**Work required:** Produce a verbatim copy of the data below that contains no pictures.

**Information supplied:**

· · · ·

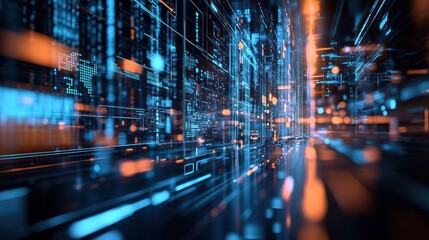Wall Mural - digital cityscape: a glimpse into the futuristic world of data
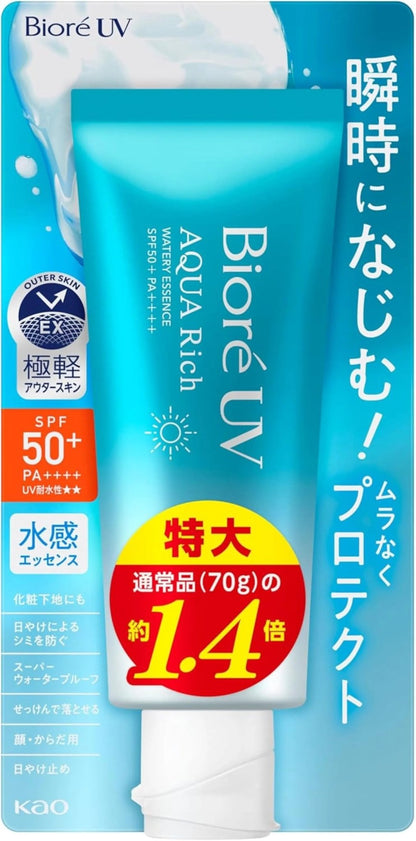 Biore UV Kao, Aqua Rich Watery Essence Sunscreen SPF 50+ PA++++ - 3.5 oz( 100gr) - Antiaging Cosmetics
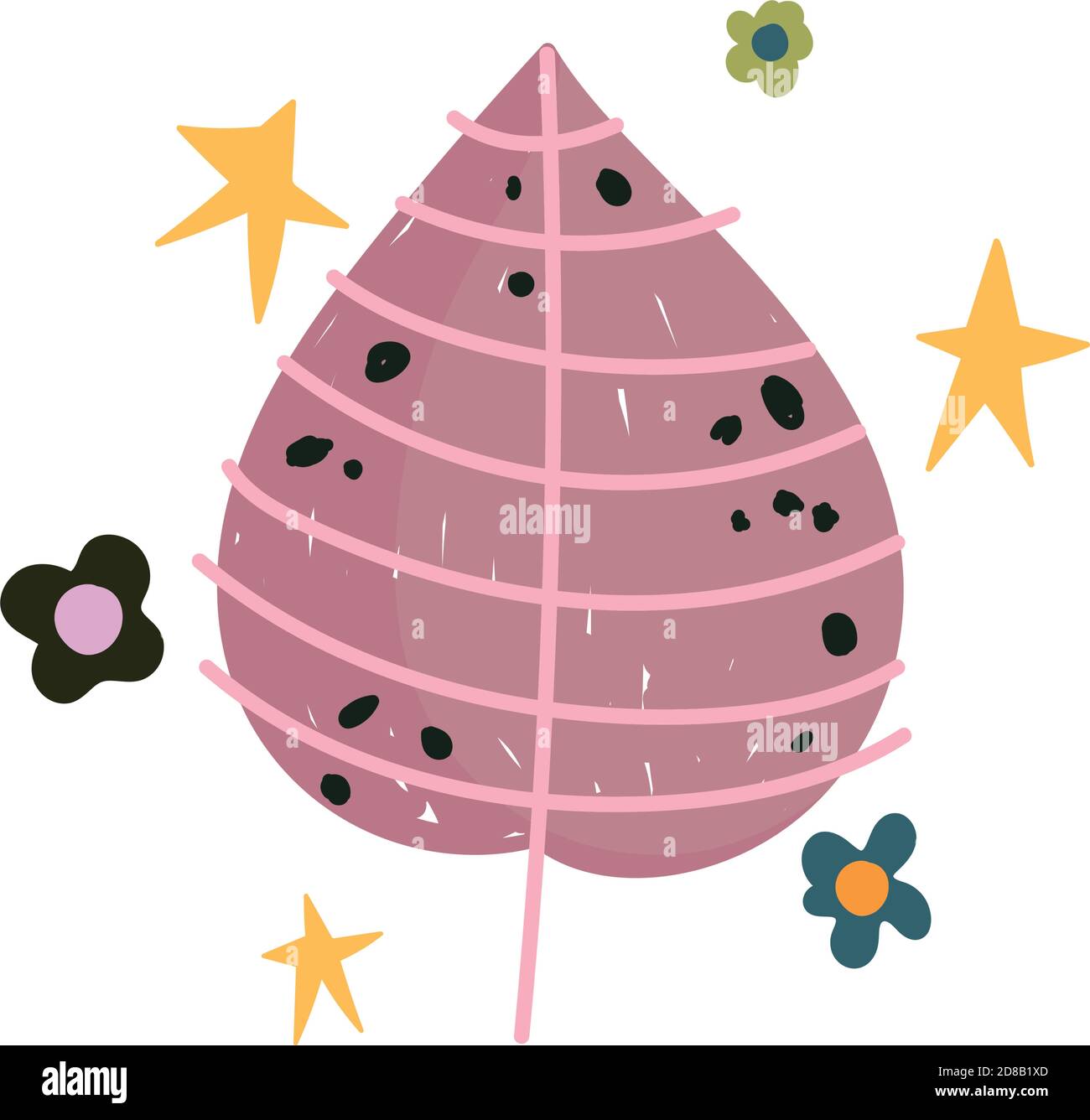 doodle contemporary, cartoon leaf flowers stars ornament vector ...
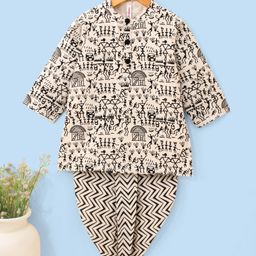 Babyhug Cotton Flex Full Sleeves Printed Kurta & Dhoti - Off White-image-68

· · · ·

**Answer below:**
Wall Mural - digital cityscape: a glimpse into the futuristic world of data
 Biore UV Kao, Aqua Rich Watery Essence Sunscreen SPF 50+ PA++++ - 3.5 oz( 100gr) - Antiaging Cosmetics
 doodle contemporary, cartoon leaf flowers stars ornament vector ...
 Babyhug Cotton Flex Full Sleeves Printed Kurta & Dhoti - Off White-image-68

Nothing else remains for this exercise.